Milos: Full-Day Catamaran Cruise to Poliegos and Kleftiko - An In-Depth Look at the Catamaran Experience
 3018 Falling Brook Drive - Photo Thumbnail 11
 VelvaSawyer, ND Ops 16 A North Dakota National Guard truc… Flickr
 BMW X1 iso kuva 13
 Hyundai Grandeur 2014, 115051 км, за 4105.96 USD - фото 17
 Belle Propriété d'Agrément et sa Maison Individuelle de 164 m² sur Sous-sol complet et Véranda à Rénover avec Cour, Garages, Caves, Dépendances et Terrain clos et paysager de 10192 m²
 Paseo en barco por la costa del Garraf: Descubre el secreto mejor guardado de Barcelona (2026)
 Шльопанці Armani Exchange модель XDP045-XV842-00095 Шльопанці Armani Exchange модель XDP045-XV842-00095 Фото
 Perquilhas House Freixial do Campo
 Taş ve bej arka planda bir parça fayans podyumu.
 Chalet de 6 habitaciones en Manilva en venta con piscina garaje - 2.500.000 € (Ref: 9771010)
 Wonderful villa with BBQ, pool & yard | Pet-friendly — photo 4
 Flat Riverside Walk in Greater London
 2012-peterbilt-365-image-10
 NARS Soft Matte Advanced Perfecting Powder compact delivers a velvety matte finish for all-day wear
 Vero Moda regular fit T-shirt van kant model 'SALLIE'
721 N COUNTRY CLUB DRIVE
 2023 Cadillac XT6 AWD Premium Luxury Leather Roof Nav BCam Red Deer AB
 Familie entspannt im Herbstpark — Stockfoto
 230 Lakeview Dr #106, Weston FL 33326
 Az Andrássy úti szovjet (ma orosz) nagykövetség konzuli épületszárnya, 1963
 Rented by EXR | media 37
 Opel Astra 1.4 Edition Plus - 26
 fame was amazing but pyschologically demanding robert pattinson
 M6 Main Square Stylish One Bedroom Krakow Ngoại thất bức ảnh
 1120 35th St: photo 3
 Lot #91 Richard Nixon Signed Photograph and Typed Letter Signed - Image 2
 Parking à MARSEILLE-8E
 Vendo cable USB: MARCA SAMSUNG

PROMPT
Reproduce word for word the lines of the records above, beginning at the first and ending with the line where "Hyundai Grandeur 2014, 115051" appears, and nothing past it.

ANSWER TO THIS PROBLEM
Milos: Full-Day Catamaran Cruise to Poliegos and Kleftiko - An In-Depth Look at the Catamaran Experience
 3018 Falling Brook Drive - Photo Thumbnail 11
 VelvaSawyer, ND Ops 16 A North Dakota National Guard truc… Flickr
 BMW X1 iso kuva 13
 Hyundai Grandeur 2014, 115051 км, за 4105.96 USD - фото 17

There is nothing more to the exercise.